A good life coach will simultaneously help you address the symptoms, while helping you transform those deep level problems so that you learn to master the patterns that triggers the problems in the first place.
5. Power Over or Power With
Teaching is what others do to you, learning is what you do for yourself.
The new paradigm for change is not to follow blindly, but to learn by doing. It’s not by blindly accepting the authority or examples from the past, but to adapt, collaborate, and develop the kind of leadership skills that let you become the leader of your own life; not as a lone wolf ahead of the pack but as a participant at the center of a collaborative matrix of innovation and change.

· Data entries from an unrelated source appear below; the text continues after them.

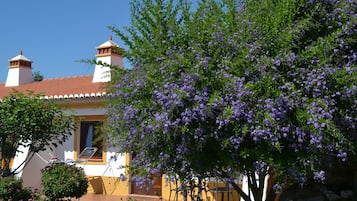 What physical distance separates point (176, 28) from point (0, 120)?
634cm

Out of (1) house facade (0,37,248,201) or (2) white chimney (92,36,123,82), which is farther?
(2) white chimney (92,36,123,82)

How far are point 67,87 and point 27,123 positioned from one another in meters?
6.83

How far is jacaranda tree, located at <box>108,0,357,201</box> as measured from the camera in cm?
648

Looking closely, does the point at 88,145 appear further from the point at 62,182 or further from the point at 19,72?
the point at 19,72

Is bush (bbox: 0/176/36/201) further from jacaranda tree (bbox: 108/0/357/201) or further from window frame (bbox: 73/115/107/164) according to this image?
jacaranda tree (bbox: 108/0/357/201)

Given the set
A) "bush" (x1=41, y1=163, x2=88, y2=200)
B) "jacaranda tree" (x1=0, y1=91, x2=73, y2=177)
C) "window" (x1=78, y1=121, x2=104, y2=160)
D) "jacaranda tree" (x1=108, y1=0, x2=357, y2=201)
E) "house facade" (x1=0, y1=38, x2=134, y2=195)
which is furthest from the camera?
"window" (x1=78, y1=121, x2=104, y2=160)

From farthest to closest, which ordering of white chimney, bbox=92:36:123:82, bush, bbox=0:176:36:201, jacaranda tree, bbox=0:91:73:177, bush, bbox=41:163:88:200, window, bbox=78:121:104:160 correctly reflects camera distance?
white chimney, bbox=92:36:123:82
window, bbox=78:121:104:160
jacaranda tree, bbox=0:91:73:177
bush, bbox=41:163:88:200
bush, bbox=0:176:36:201

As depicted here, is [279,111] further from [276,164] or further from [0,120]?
[0,120]

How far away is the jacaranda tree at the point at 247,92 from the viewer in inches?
255

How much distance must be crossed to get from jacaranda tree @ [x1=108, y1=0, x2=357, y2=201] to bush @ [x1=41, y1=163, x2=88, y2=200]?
467 centimetres

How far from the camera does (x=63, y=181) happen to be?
11.9 metres

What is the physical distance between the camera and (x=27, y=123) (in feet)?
39.6

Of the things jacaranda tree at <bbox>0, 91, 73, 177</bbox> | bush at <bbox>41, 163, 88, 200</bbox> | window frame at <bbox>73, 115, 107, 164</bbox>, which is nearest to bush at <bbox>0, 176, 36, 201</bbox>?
bush at <bbox>41, 163, 88, 200</bbox>

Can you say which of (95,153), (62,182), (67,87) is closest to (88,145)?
(95,153) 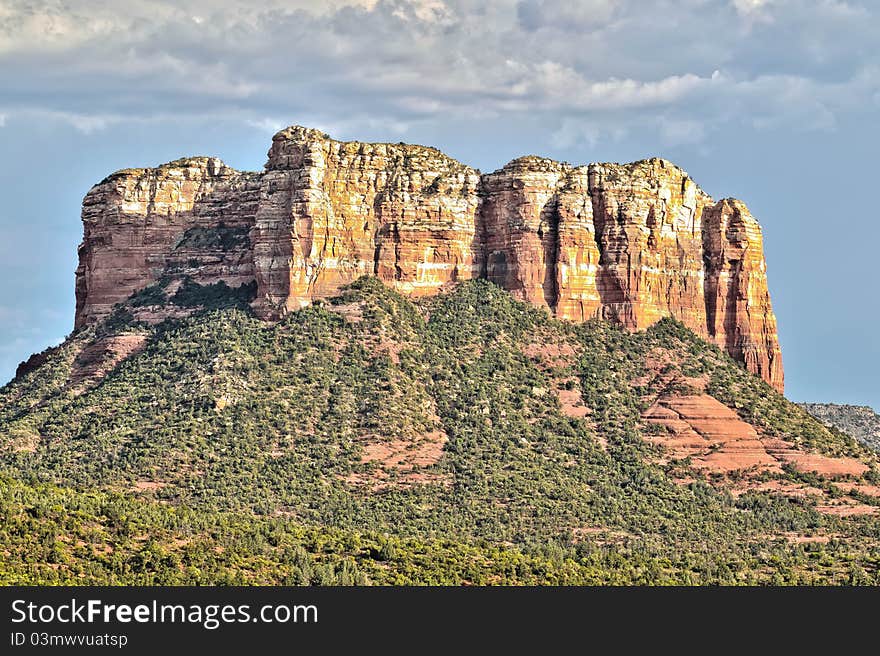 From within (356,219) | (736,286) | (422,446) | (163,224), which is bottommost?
(422,446)

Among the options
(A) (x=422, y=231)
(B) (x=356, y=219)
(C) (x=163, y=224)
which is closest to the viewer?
(B) (x=356, y=219)

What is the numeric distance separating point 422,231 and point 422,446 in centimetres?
2063

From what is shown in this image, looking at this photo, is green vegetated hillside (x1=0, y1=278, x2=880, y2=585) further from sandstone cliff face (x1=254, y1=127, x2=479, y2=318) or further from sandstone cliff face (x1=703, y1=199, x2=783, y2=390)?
sandstone cliff face (x1=703, y1=199, x2=783, y2=390)

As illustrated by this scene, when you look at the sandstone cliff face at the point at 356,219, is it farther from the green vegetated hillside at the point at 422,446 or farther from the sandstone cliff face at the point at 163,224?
the sandstone cliff face at the point at 163,224

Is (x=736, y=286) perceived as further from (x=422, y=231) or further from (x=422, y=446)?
(x=422, y=446)

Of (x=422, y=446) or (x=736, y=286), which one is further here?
(x=736, y=286)

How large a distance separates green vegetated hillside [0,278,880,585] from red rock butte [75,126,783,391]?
2048 millimetres

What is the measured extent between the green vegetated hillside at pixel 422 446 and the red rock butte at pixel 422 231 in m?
2.05

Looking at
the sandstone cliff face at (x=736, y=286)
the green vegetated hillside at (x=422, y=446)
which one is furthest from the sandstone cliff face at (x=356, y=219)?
the sandstone cliff face at (x=736, y=286)

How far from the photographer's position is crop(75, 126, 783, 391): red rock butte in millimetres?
162250

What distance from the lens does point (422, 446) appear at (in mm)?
151875

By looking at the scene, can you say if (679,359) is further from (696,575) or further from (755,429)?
(696,575)

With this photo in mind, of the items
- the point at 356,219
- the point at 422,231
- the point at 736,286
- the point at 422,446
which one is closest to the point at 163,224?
the point at 356,219

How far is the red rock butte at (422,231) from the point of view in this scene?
162250 mm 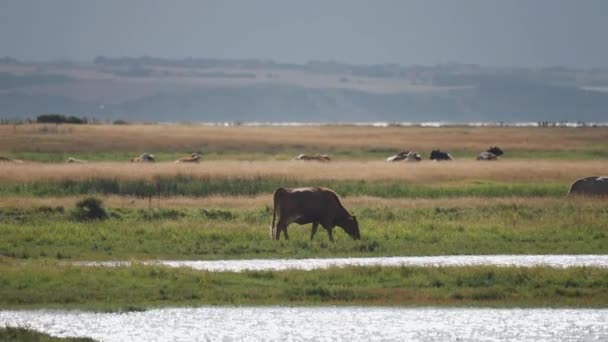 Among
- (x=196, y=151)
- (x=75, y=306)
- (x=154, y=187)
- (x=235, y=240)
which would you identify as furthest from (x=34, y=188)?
(x=196, y=151)

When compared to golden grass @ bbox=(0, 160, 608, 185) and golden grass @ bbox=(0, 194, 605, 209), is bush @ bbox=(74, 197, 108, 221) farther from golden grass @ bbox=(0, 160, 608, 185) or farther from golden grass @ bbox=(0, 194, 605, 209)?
golden grass @ bbox=(0, 160, 608, 185)

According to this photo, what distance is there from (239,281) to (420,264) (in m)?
4.26

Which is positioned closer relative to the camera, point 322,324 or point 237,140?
point 322,324

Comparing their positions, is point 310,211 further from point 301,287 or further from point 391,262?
point 301,287

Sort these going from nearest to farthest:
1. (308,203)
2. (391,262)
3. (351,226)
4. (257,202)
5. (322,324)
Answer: (322,324) → (391,262) → (308,203) → (351,226) → (257,202)

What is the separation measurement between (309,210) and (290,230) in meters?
2.84

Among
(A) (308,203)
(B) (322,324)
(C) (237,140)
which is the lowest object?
(C) (237,140)

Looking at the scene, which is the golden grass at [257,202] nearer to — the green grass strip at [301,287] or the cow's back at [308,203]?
the cow's back at [308,203]

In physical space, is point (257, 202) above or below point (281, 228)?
below

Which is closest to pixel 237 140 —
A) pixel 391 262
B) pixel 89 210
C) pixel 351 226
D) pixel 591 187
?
pixel 591 187

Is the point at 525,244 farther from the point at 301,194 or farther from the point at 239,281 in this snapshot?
the point at 239,281

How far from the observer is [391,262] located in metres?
30.9

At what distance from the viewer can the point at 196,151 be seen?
8244cm

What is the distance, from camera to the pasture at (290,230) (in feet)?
87.7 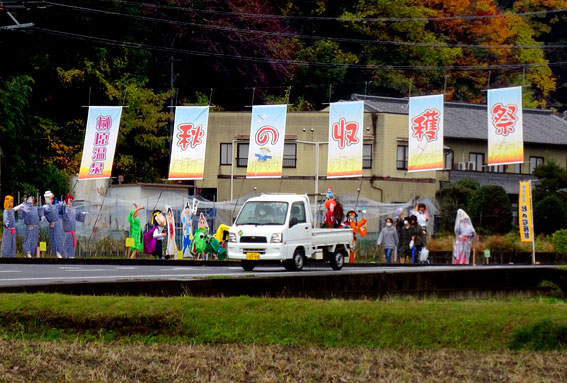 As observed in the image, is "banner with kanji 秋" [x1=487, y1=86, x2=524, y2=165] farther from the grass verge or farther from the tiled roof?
the grass verge

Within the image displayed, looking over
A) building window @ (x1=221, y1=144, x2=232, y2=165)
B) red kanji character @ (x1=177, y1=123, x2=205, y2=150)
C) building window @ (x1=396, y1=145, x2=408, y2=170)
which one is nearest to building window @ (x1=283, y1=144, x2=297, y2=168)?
building window @ (x1=221, y1=144, x2=232, y2=165)

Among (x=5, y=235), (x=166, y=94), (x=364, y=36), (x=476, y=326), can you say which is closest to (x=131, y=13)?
(x=166, y=94)

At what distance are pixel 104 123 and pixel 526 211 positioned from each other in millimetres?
14681

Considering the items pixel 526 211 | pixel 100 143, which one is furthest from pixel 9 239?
pixel 526 211

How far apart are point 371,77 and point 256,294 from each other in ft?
186

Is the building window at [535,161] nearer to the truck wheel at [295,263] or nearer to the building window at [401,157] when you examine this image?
the building window at [401,157]

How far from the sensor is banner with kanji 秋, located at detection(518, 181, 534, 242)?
1495 inches

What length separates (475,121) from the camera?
69.6 m

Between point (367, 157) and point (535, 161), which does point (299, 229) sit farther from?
point (535, 161)

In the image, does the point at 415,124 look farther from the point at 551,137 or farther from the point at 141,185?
the point at 551,137

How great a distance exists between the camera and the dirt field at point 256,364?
9383 mm

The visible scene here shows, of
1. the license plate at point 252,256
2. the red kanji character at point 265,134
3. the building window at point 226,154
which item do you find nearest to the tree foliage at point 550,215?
the red kanji character at point 265,134

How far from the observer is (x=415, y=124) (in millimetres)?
41188

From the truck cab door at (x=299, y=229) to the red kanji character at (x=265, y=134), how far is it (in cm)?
1368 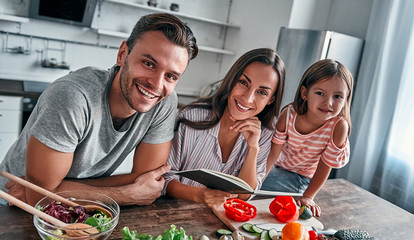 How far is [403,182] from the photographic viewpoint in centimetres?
280

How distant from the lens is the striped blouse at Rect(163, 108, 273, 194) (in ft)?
5.26

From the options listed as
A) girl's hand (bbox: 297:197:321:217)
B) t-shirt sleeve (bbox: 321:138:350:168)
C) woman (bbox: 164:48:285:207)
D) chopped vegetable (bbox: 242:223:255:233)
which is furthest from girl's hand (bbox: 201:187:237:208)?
t-shirt sleeve (bbox: 321:138:350:168)

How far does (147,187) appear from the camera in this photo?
1.33 meters

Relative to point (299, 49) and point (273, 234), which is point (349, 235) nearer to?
point (273, 234)

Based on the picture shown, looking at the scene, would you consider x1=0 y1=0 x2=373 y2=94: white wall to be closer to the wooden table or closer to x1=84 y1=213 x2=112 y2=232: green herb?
the wooden table

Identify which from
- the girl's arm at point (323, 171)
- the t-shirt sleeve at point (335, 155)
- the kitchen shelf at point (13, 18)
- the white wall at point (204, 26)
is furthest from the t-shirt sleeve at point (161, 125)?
the white wall at point (204, 26)

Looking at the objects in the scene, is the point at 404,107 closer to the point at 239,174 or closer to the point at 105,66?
the point at 239,174

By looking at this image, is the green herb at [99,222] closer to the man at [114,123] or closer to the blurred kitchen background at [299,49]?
the man at [114,123]

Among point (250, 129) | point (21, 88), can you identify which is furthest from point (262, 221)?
point (21, 88)

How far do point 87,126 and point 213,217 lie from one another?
1.92 feet

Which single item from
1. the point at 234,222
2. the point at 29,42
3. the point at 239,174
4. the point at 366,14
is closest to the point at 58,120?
the point at 234,222

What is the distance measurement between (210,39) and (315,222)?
3.29 m

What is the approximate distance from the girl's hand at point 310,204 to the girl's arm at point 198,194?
0.33 meters

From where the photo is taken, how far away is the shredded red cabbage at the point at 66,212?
0.96 metres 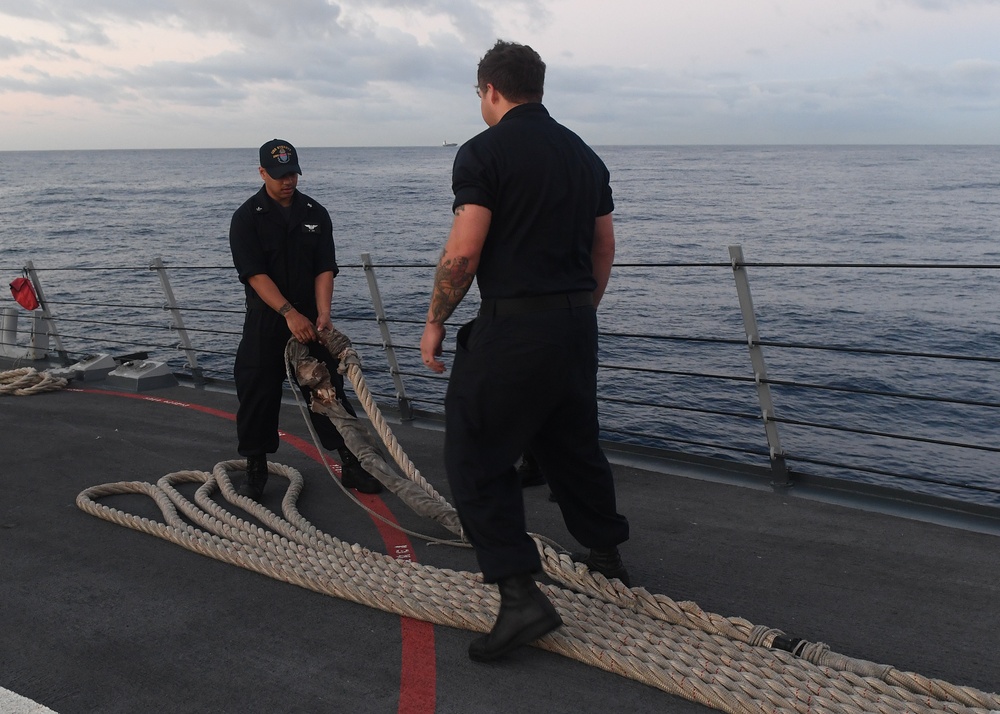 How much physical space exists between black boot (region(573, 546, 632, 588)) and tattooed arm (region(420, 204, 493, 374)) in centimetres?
101

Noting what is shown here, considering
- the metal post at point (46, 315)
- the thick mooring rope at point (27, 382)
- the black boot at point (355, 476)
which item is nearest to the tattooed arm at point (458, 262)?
the black boot at point (355, 476)

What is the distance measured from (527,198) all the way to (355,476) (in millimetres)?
2304

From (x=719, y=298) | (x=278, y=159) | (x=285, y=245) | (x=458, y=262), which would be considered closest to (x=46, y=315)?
(x=285, y=245)

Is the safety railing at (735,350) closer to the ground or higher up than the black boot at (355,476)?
closer to the ground

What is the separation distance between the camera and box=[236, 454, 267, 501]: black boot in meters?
4.37

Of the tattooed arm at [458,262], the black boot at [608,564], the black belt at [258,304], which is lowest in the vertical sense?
the black boot at [608,564]

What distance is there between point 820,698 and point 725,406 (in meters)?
11.9

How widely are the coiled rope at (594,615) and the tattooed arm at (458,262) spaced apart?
A: 99 cm

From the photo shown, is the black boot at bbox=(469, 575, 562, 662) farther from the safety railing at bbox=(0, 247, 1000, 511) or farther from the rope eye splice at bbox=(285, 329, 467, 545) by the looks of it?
the safety railing at bbox=(0, 247, 1000, 511)

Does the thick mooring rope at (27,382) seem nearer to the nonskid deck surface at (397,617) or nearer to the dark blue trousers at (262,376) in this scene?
the nonskid deck surface at (397,617)

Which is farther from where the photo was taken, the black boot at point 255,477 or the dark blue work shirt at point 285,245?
the black boot at point 255,477

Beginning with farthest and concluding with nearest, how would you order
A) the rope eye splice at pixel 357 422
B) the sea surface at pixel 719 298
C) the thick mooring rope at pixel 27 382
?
the sea surface at pixel 719 298
the thick mooring rope at pixel 27 382
the rope eye splice at pixel 357 422

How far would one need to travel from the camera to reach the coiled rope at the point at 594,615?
2.45 m

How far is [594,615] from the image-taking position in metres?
2.95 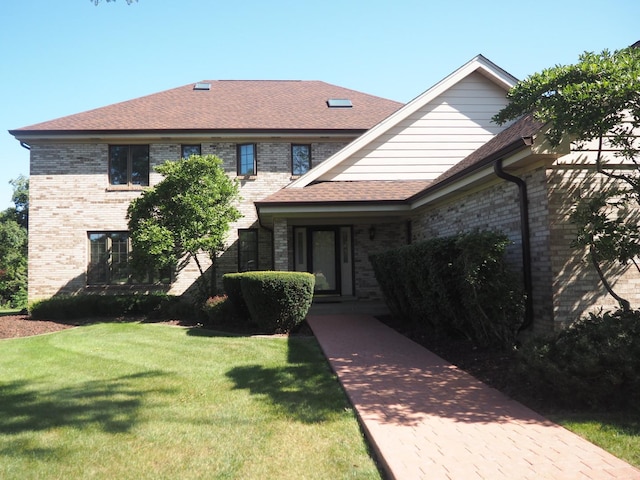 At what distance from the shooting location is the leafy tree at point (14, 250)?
2366 cm

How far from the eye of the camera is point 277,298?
372 inches

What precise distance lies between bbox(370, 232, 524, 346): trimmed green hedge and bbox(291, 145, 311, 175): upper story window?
7310mm

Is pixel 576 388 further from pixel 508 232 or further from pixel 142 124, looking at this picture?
pixel 142 124

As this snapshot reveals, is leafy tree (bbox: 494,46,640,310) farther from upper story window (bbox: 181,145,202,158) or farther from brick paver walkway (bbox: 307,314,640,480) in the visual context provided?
upper story window (bbox: 181,145,202,158)

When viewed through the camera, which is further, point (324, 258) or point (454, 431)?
point (324, 258)

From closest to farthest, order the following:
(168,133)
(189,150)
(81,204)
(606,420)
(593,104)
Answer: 1. (606,420)
2. (593,104)
3. (168,133)
4. (81,204)
5. (189,150)

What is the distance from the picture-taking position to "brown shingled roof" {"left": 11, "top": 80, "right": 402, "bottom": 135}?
1526 centimetres

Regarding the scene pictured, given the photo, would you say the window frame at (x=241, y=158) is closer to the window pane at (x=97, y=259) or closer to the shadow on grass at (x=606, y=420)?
the window pane at (x=97, y=259)

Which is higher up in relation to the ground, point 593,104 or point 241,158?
point 241,158

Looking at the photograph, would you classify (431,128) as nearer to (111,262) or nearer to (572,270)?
(572,270)

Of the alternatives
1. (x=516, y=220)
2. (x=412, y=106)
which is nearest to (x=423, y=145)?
(x=412, y=106)

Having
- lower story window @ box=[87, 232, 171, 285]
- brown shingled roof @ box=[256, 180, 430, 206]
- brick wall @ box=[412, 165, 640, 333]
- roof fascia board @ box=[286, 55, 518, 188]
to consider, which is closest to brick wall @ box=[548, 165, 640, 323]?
brick wall @ box=[412, 165, 640, 333]

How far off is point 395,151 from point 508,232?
595cm

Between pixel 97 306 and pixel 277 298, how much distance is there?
730 cm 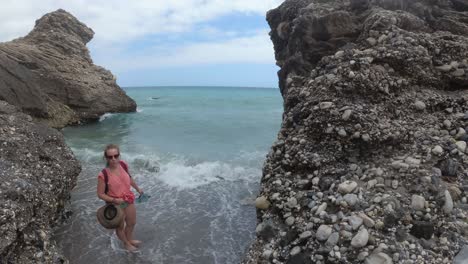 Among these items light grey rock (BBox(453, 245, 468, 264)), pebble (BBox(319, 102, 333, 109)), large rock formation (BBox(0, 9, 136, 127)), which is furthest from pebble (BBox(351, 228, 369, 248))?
large rock formation (BBox(0, 9, 136, 127))

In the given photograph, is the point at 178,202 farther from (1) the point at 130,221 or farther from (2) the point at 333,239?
(2) the point at 333,239

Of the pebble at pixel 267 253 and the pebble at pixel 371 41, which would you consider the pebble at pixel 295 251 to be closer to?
the pebble at pixel 267 253

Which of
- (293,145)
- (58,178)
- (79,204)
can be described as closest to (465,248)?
(293,145)

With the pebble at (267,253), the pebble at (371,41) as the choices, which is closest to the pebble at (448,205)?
the pebble at (267,253)

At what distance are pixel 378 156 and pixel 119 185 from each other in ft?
13.7

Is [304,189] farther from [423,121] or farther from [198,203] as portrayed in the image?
[198,203]

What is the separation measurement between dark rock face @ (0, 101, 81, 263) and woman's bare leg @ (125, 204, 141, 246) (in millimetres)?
1247

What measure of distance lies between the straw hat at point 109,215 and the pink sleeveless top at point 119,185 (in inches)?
8.4

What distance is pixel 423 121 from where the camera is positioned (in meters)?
5.99

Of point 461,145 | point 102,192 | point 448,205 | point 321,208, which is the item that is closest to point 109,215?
point 102,192

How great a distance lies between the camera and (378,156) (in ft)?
17.9

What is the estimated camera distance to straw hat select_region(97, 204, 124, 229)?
252 inches

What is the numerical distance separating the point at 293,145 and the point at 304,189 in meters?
0.93

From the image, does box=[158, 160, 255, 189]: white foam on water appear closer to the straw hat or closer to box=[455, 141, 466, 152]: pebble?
the straw hat
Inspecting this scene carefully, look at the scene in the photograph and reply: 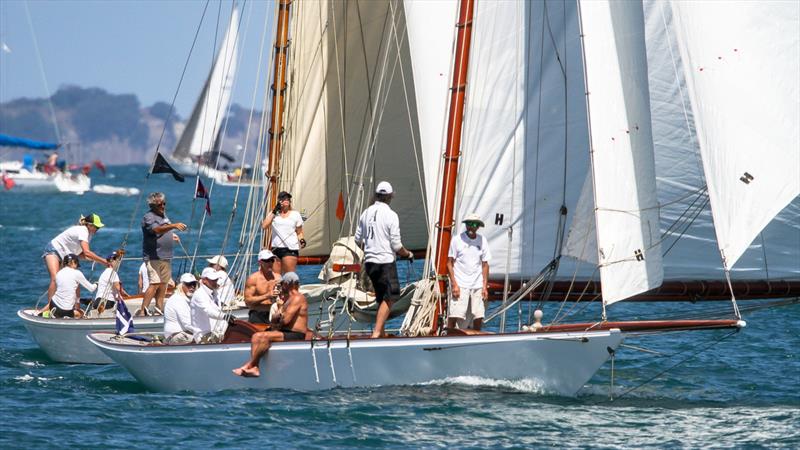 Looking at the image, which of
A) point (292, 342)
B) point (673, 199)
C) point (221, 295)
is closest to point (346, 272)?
point (221, 295)

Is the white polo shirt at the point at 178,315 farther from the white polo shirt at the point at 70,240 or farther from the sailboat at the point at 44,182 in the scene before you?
the sailboat at the point at 44,182

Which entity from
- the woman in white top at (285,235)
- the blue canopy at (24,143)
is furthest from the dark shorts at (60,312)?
the blue canopy at (24,143)

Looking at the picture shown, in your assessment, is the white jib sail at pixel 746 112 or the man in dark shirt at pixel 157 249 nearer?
the white jib sail at pixel 746 112

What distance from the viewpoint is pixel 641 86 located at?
1608 cm

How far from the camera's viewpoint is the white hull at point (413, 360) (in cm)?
1634

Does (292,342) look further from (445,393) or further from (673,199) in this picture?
(673,199)

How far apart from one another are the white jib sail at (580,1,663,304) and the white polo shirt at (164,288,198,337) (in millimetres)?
5238

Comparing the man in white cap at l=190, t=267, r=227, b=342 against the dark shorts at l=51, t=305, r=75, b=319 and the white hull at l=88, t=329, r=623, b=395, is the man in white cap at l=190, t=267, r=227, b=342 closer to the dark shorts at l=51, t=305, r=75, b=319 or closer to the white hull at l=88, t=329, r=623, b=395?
the white hull at l=88, t=329, r=623, b=395

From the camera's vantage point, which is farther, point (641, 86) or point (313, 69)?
point (313, 69)

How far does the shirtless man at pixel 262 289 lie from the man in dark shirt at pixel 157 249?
332 centimetres

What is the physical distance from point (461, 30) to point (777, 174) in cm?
411

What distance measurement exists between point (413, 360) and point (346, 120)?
7222 mm

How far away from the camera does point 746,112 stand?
15.3 m

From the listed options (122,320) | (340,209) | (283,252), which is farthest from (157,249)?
(340,209) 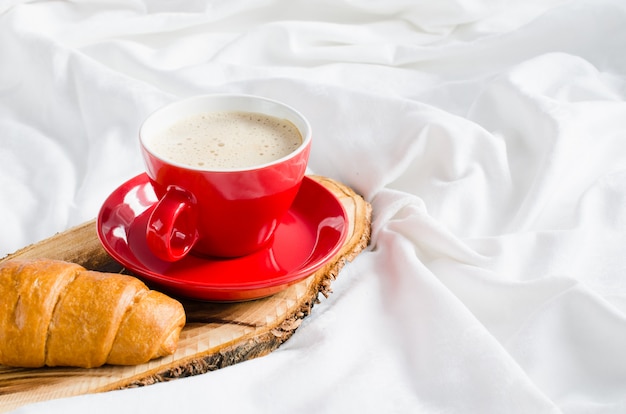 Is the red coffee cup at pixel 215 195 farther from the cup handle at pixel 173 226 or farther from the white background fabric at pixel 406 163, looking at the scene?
the white background fabric at pixel 406 163

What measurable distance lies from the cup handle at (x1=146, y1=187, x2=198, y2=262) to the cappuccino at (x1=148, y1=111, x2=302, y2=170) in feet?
0.21

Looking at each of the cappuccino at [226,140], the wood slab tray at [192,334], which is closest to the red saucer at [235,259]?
the wood slab tray at [192,334]

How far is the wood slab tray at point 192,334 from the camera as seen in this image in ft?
3.65

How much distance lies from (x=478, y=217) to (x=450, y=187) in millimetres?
91

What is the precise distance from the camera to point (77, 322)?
113cm

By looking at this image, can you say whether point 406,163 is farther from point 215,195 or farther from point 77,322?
point 77,322

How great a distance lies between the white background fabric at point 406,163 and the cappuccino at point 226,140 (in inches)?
12.0

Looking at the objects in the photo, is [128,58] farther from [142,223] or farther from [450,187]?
[450,187]

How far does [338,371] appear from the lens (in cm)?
124

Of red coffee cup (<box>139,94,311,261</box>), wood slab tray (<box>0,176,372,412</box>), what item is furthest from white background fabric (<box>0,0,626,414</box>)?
red coffee cup (<box>139,94,311,261</box>)

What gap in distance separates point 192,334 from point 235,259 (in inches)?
8.5

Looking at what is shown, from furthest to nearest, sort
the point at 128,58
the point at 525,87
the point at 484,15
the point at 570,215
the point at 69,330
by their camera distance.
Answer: the point at 484,15
the point at 128,58
the point at 525,87
the point at 570,215
the point at 69,330

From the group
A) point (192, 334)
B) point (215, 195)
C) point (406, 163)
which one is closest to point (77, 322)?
point (192, 334)

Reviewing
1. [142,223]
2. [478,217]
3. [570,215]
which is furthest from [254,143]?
[570,215]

Unlike other most old-school models for change – therapy, education, spiritual teaching, business development – the new model for mentoring and coaching exemplifies a partnership model based on mutual respect, power with and through, rather than power over; collaboration rather than authority, listening rather than dictating.
There is such an abundance of self-declared Life Coaches it’s hard to imagine where they all come from. Some are skilled, others are less so. Some are natural catalysts for change, others rely on a bag of tricks. Everyone can benefit from mentoring from a professional, but as in any market place, do your research, ask around. Above all, when considering a coach or a mentor, ask yourself if they are living the things you expect to learn from the. Ask yourself, are they teaching what they need to learn themselves, or are they teaching what they have truly embodied.